Today we celebrate, along with all our migrant brothers and sisters, the day against racial discrimination. We march in Athens, a city that depends mostly on migrant hands for manual labour, that being for private or for public profit.
Migrants arrive in Greece by passages that leave many behind. Almost every week there is another incident where innocent lives were lost at sea. Still less than a year after the Pylos boat sinking, where more than 500 people lost their lives, the coast guard seems to be walking free.
Migrants from the middle East and central Asia risk grew up in countries affected by the financial regulations and the military conflicts that the West has supported and instigated. The same applies to Africa, where the states are hugely in debt to their former colonies, unable to claim their financial independence after their political struggle. People crossing the borders in that way are the lowest of the low of the working class, clinging in a state between life and death in exchange for food and shelter.
The European Union vastly profits from this mass of people willing to work under the worst conditions. They become its builders and cleaners, while the class mobility in western Europe makes sure that their children will remain at the margins of society. The ghettos are an outcome of this reality, city-landscapes in the benefit of the bourgeois class, reassuring that the most exploited will live their lives in alienation.
Athens is a fine example of a city creating ghettos for the worst exploited. It is becoming a city divided between touristic attractions, big urban projects signaling that it is a European destination, but also carefully imprisoning migrants in neighborhoods that lack services and maintenance. In this way, ghettos are being formed inside the city, where migrants feel they belong, cast out as a lower class.
The detention centers in the islands and the mainland are sound examples of the modern stance of Greece and the EU against asylum seekers. People are getting detained for no reason and are being kept there without their will, all justified by some legal background, are signs of the disgraceful state and its policies. Migrants have no legal representation; they barely have a roof and a portion of food. All this perfectly hidden, away from the eyes of tourists, the big industry of the Greek state.
Our role is to mobilize this population and build a strong organization of migrants, uniting them under a banner for working rights, human conditions, and better pay, without racial discriminations. The Left has the duty to fight on the side of this population and call the Greek working class to fight on the side as well, against the common enemy, the Greek government and the Greek bourgeoisie.
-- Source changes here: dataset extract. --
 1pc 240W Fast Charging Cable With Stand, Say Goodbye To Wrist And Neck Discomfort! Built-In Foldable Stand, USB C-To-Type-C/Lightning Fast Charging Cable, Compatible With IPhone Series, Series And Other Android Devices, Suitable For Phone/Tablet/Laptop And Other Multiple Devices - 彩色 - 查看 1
This year’s demonstation is affected by the ongoing genocide in Palestine. There global imperialism is establishing the new status quo exterminating and imposing a military regime built on mass murder. We welcome the Palestinian struggle in Greece and around the world. We fight in solidarity with the Palestinian resistance to take down the military machines of this world and establish peace among peoples.
The hands that build this world have the right to own it!